# Problem description
In the material below, find the line containing "Genius Store Erkek" and the line containing "HMCEY 2 Stück", then reproduce exactly both of them and every line between, and nothing else.
Start of Records to use
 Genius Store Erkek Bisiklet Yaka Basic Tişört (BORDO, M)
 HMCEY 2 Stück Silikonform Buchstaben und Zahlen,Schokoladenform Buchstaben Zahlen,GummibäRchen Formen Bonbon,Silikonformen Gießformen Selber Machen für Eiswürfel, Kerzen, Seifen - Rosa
End of Records to use
Start of Records to use
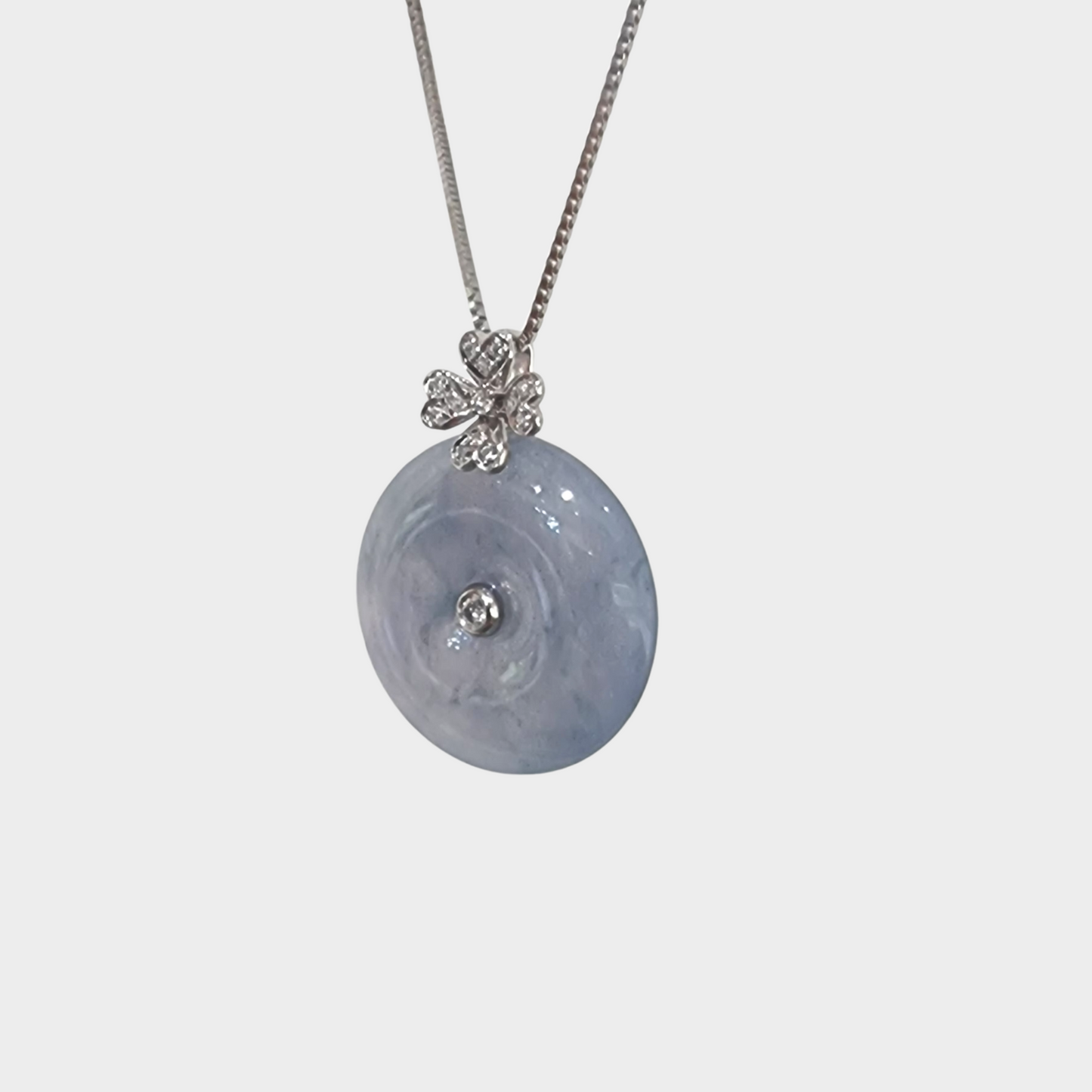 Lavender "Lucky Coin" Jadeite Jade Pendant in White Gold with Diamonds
End of Records to use
Start of Records to use
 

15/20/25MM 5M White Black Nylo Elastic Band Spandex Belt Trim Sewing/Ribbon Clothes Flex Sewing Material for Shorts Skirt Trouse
End of Records to use
# Answer section
 Genius Store Erkek Bisiklet Yaka Basic Tişört (BORDO, M)
 HMCEY 2 Stück Silikonform Buchstaben und Zahlen,Schokoladenform Buchstaben Zahlen,GummibäRchen Formen Bonbon,Silikonformen Gießformen Selber Machen für Eiswürfel, Kerzen, Seifen - Rosa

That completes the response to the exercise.